Landlords that do not comply with the requirements face fines of up to £150,000.
When do the regulations apply?
The regulations apply to all commercial property currently required to have an EPC, except for:
- Tenancies for a term of 99 years or more.
- Tenancies for less than 6 months with no right to renew.
The provisions come into force in two stages:
- From 1 April 2018 landlords will be in breach if they grant leases to new or existing tenants of properties carrying an EPC certificate F or G.
- From 1 April 2023 the regulations will apply to all existing tenancies. This will mean that landlords will be in breach if they continue to let a property rated F or G.
Where a property does not meet the necessary standard, the landlord must attempt improvements to raise the EPC rating to E or above.
Consequences of failing to comply
Landlords that fail to comply with the regulations within the first three months face a penalty of £5,000 or 10% of the property’s rateable value (whichever greater).
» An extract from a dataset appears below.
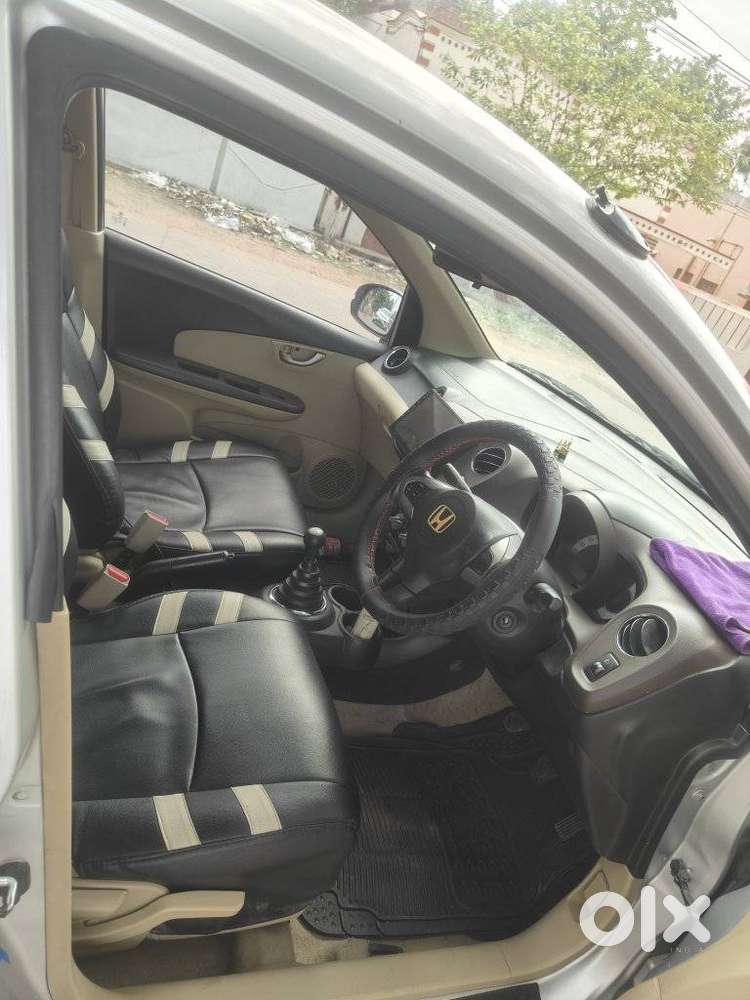 Mahindra Scorpio 2.6 Slx Turbo 7 Seater, 2012, Diesel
Penalties are capped at a maximum of £50,000.
Where the breach has continued for more than three months the penalty rises to £10,000, or 20% of the rateable value, capped at £150,000.
In both instances the breach may also be published on a public register for at least 12 months.
The regulations specify that a tenancy agreement or lease is valid and enforceable even if it was granted, or continues, in breach of the regulations.
Are any exemptions available?
There are three key exemptions available to landlords, but they only remain in force for 5 years. Landlords must register these, with relevant evidence, on the government PRS Exemptions Register.
The seven year ‘Golden Rule’
If landlords have carried out all relevant efficiency improvements and the building remains sub-standard, or if the improvements will not achieve a seven year payback.
Third party exemption
This applies where energy efficiency improvements would require the consent of a third party, who refuses to give it. The exemption will not succeed if other improvement options remain available.
Property devaluation exemption
This final exemption is applicable where an independent surveyor determines that the improvements would lead to a decrease in market value by more than 5%.
Make sure you consider the MEES requirements early
Approximately 17.5% of UK properties currently have an EPC rating of F or G.
If they have not already done so, landlords should review the EPC ratings of their properties. Where the rating is F or G, they should produce and implement a plan for making the necessary improvements.
Where landlords are granting new tenancies, they should consider who will bear the cost of any required efficiency improvements.